A Coca-Cola truck in New York City.
Alexi Rosenfeld | Getty Images
Coca-Cola reported its third-quarter earnings before the bell Tuesday.
Here’s what the company reported compared with what Wall Street analysts surveyed by LSEG, formerly known as Refinitiv, were expecting:
- Earnings per share: 71 cents, vs. expected 69 cents
- Revenue: $11.91 billion, vs. expected $11.44 billion
The beverage giant’s stock has fallen 15% this year, dragging its market value down to about $234 billion. Shares are under pressure as investors worry about both short-term and long-term challenges for Coke.
Like many companies, Coke has been raising prices on its products, driving some consumers to shop for cheaper private-label options instead. The strong U.S. dollar makes its drinks even more expensive abroad. And while many commodities have become less expensive, sugar prices have stayed high.
But sugar isn’t just hurting Coke’s profit margins. Walmart said users of diabetes drug Ozempic are spending less on groceries, sending shares of Coke and rivals like PepsiCo lower.
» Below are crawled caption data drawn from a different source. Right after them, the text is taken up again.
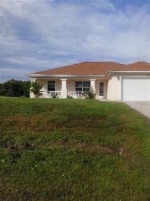 826 Skyline Blvd Cape Coral, FL 33991 - Image 2254079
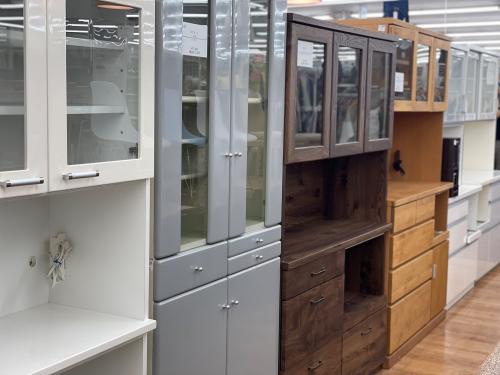 トレファクブログ画像10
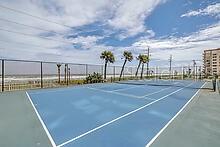 Image 20 of 33 For 3580 Ocean Shore Boulevard 509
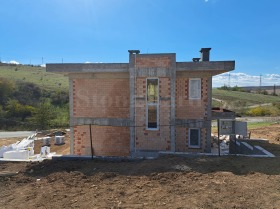 ������� ���� | Imot.bg � ����� ������ 5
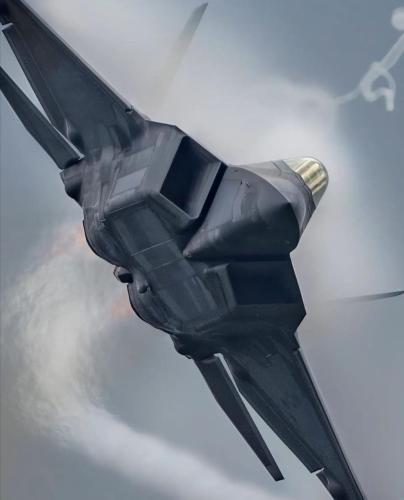 290949107_582448280114204_3214145260588284995_n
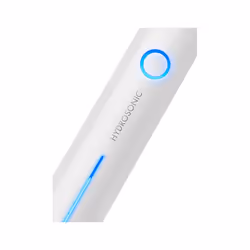 Curaprox Hydrosonic Pro Adult Sonic toothbrush White - Additional view 6
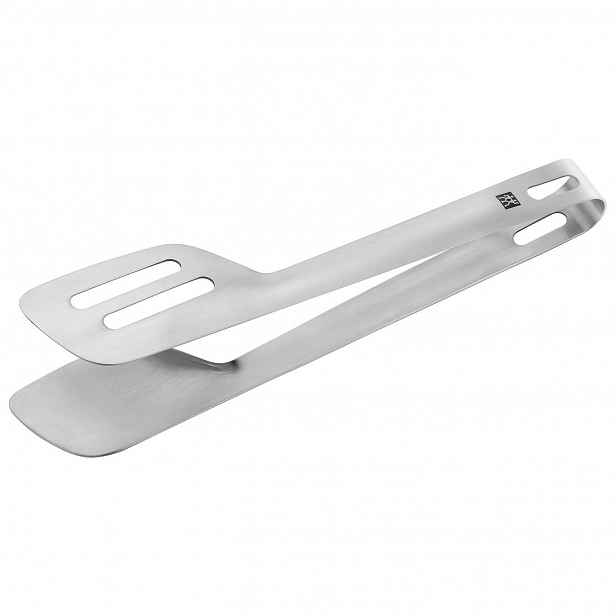 Zwilling Pro kuchyňské kleště, 26 cm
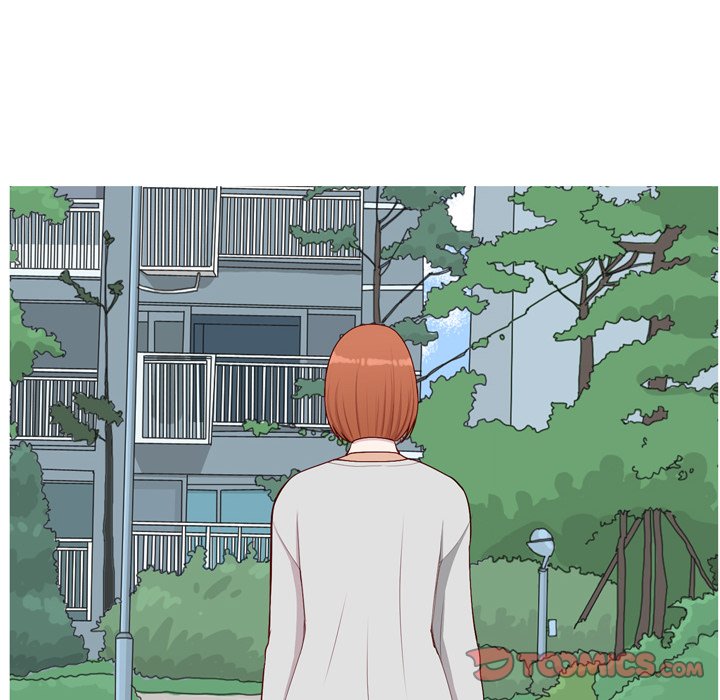 Love Prelude chapter 62 page 92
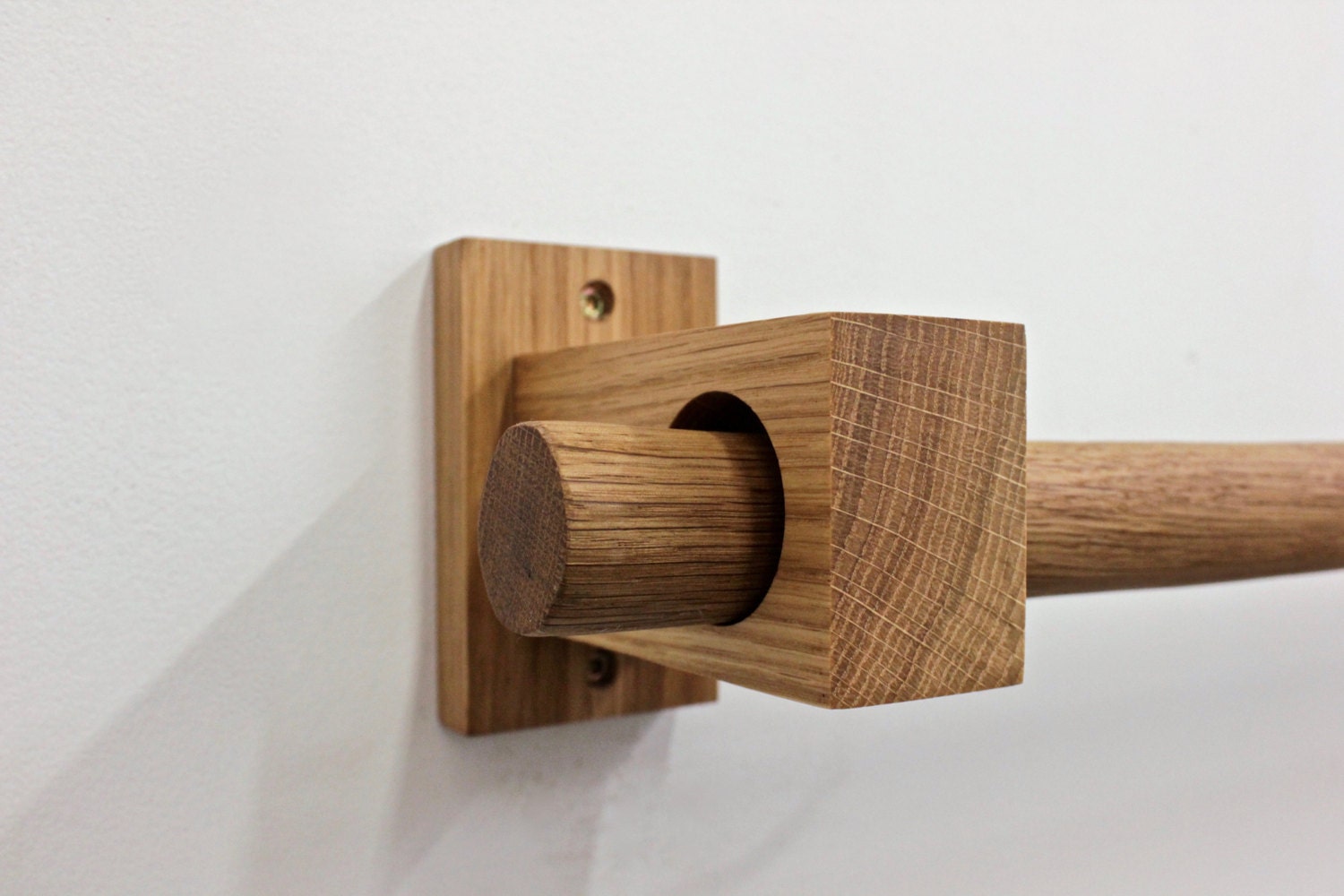 curtain holder curtain bracket mid century decor wood for Wooden Curtain Holders
181obs curtain holder curtain bracket mid century decor wood for Wooden Curtain Holders
181obs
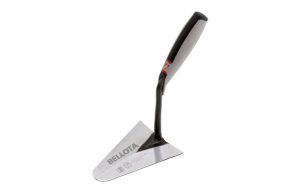 PALETA ALBAÑIL B MANGO BIMAT.T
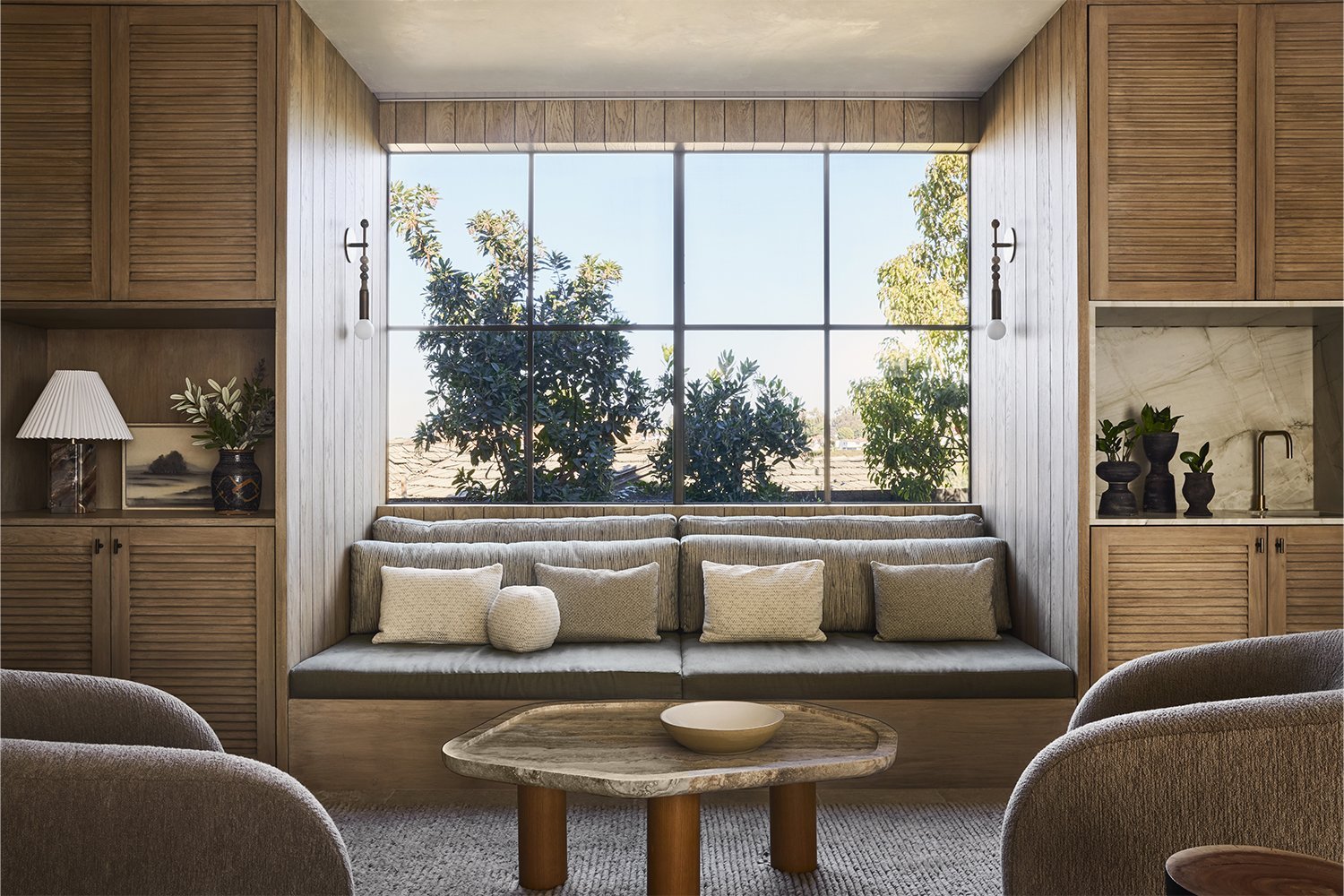 DISC+Interiors+Mariner+Pool+House+copy.jpg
While Coke has pivoted its portfolio in recent years to include fewer sugary drinks, its namesake brand and other sodas are still important to the company’s net sales. Coke has also recently introduced alcoholic drinks, which have also seen their consumption fall among users of the so-called GLP-1 drugs.
For 2023, Coke expects comparable adjusted earnings per share growth of 5% to 6% and organic revenue growth of 8% to 9%.